# milescraft feather board



## a1Jim

Thanks


----------



## dbhost

Kosta,

How deep are the fingers of the featherboard from the T bolts at their furthest position back? I screwed up on my miter slot on the router table build, and am about 1" too far back… I am planning on buying the double high version of that featherboard, and was hoping I could keep the slot where it is…


----------



## kosta

in my tablesaw miter slot with the blade 90 degrees I got 4- 1/4 as the farthest position.


----------



## Wolffarmer

I have one of these feather boards and a Shopsmith one ( sold by them, probably can be had by another name ) I like the shopsmith one much much better. Much easier to adjust and the fingers are not as stiff. I am not even sure where the Milescraft one is. It hasn't surfaced for a while.

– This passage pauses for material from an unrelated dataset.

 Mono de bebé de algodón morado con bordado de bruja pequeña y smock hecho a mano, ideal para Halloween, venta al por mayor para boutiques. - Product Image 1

The Milescraft came with 2 miter bars, one for 3/4 inch slots, the other for a smaller one, can't remember the size, so that may be a plus for some people.


----------



## PineInTheAsh

What's the model #? What's the cost?


----------



## kosta

You can get it for $15 
here is a link to the feathe rboard http://milescraft.com/product/1406.html


----------



## kosta

wolffarmer They sell a 5/8 miter bar and a 3/4 the 5/8 is used mostly on benchtop tablesaws, small router tables and 9in bandsaws


----------



## dbhost

What I was afraid of… Same as my Rockler… Guess I need to move the miter slot. More hardwood patching in the table top!


----------



## kosta

Yea that must suck


----------